How to Calculate Cost Per Wear, the Magical Shopping Formula GQ Staffers Swear By

This image may contain Clothing Apparel Human Person and Text

All products are independently selected by our editors. If you buy something, we may earn an affiliate commission.

Earlier this year, I put a downpayment on a pricey Gore-Tex jacket that costs more than a MacBook Air. I WANTED TO LOOK COOL, OKAY? At just under $1,000 before taxes, it is far and away the most expensive piece of clothing that I have ever paid money for. It wasn’t exactly an impulse buy—I’d been eyeing such a grail for years—and somewhere in the discombobulated id region of my brain, I rationalized dropping what basically amounted to a round-trip ticket from New York to Reykjavik by telling myself that this jacket was something I’d wear every day, for multiple winters to come. Eventually, I muttered, it'd basically start paying for itself.

And this, my pals, is the life-changing calculus of Cost Per Wear, a useful but probably dangerous formula that a few of us more delusional members of the GQ staff swear by.
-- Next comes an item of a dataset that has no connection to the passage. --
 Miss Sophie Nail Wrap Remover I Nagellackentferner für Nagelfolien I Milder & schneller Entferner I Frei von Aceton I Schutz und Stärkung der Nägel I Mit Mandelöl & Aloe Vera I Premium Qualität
What is cost per wear? If you search the Internet, it’s something like:

CPW = Total cost of the item / Number of days you’ll wear it

It's by no means a hard and fast thing, like the Pythagorean theorem or wanting to cry whenever you hear the Furious 7 Wiz Khalifa song. But if you're the kind of person who has a bloated closet, it's definitely worth knowing. For example, to get a $1,000 jacket down to a very reasonable $1 per wear, I’d have to wear it 1,000 times, or every single day for the next three-ish years. (Side note: I hear Alaska is a cheap and fun place to live!) CPW is, as my colleague John Jannuzzi describes it, mostly a “justification mechanism”—but it’s one designed to make you consider the longevity of your purchases. It steers you away from buying cheap, dumb, disposable bullshit that spends most of its life crumpled in a drawer.

Think of it this way: If you invest in a $280 pair of high-quality raw denim, but plan to wear those jeans every day for the next 365 days, your CPW comes out to a very reasonable 77 cents. That’s basically a McDonald’s cheeseburger! If you compare it to some dispensable purchase from H&M that you hardly ever wear—say, a $40 pair of red slacks that you only slip into once every six months—then all of a sudden, those $280 jeans start to look like a pretty sweet deal.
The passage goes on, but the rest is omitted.